Working animals have played a hugely important role in human society for millennia. Animals such as donkeys, oxen, camels and horses still provide substance from their work for around 600 million people in the world today! Even in industrialised countries where machinery covers labour heavy functions, service animals are still extensively used. From police dogs that sniff out drugs to monkeys that aid people with disabilities, we rely on our working animals for a number of tasks.

 

Working Dogs

woman in white outfit and hat herding geese with the help of a border collie

Our important and unique bond with dogs has meant that dogs have fulfilled many roles for humans throughout millennia.
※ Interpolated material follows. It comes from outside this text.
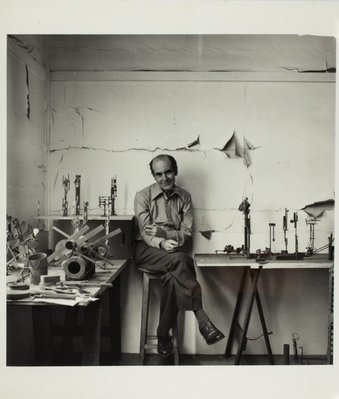 Alternate image of Portrait of Robert Klippel in his studio by Peter Adams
From herding dogs in farming to dogs that sniff out cadavers in the aftermath of a disaster, dogs are versatile enough to train into many different roles.

 

Working Monkeys

unripe coconuts hanging from a coconut tree

In some countries, monkeys are used to gather coconuts from high up in tree branches. Though controversial, monkeys have been trained to gather coconuts for centuries in Asian countries. Monkeys are also trained to help people with disabilities lead more independent lives.

 

Horses, Donkeys and Camels

donkey with items on back in the desert. Two men are in the background by a well.
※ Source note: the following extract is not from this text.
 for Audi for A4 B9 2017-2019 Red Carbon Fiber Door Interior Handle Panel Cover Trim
Horses, donkeys and camels have been used by people to help on farms, travel terrain and transport goods for many centuries. Those 600 million people mentioned above rely mostly on these animals for their livelihoods. There are several charities dedicated to helping working animals in countries where lack of education, poor animal handling and sheer abject poverty can make animals' lives difficult.

 

Homing Pigeons

pigeon focused against a blurry background

Though technically not within the working animal definitions which states that a working animal is one that is trained to perform a task it would not otherwise do naturally, such as a cat can't be trained to catch mice, it just does out of its instinctive behaviour, homing pigeons as messenger birds have been used for centuries. In remote places where communications were difficult, messenger pigeons relayed important information regarding disasters, and big news etc. Now, there is one final post for messenger pigeons used in a Northern State in India. The messenger pigeons are used by the police force for ceremonial purposes only now, but before, they used to pass messages all over the remote, mountainous region with great efficiency. Back in 2009, a company in South Africa used a homing pigeon to carry a USB stick with 4GB of memory and sent a transfer of the same amount of data via Telkom, South Africa's biggest internet provider at the time, to the same location. The homing pigeon beat the internet service provider by quite a margin!